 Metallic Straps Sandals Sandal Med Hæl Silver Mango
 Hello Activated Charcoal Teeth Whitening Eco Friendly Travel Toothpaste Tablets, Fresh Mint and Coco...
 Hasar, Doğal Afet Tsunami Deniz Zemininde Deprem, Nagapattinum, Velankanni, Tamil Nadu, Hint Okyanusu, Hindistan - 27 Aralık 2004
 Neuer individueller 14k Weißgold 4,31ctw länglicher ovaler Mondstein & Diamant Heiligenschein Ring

--

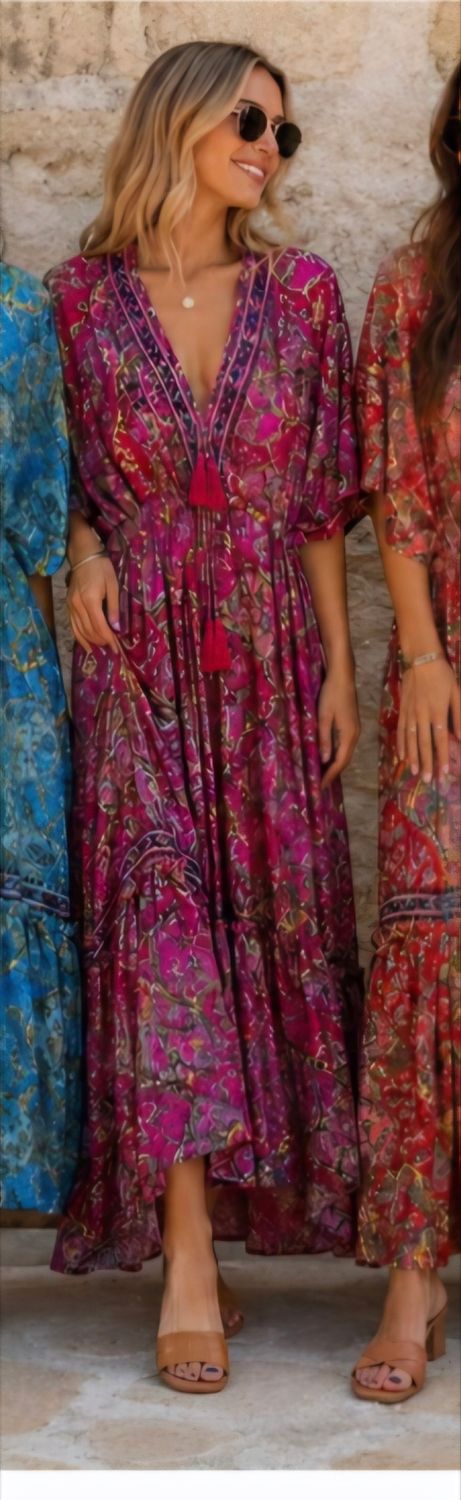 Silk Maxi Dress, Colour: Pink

...

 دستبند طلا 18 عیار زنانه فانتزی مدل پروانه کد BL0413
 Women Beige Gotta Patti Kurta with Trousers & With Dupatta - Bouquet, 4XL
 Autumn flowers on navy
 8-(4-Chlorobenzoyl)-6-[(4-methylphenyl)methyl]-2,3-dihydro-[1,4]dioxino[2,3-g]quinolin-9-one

Problem:
Going down the listing above, begin printing at the line with "Metallic Straps Sandals" and finish with the line with "Neuer individueller 14k", exactly as they appear.

Solution for this exercise:
 Metallic Straps Sandals Sandal Med Hæl Silver Mango
 Hello Activated Charcoal Teeth Whitening Eco Friendly Travel Toothpaste Tablets, Fresh Mint and Coco...
 Hasar, Doğal Afet Tsunami Deniz Zemininde Deprem, Nagapattinum, Velankanni, Tamil Nadu, Hint Okyanusu, Hindistan - 27 Aralık 2004
 Neuer individueller 14k Weißgold 4,31ctw länglicher ovaler Mondstein & Diamant Heiligenschein Ring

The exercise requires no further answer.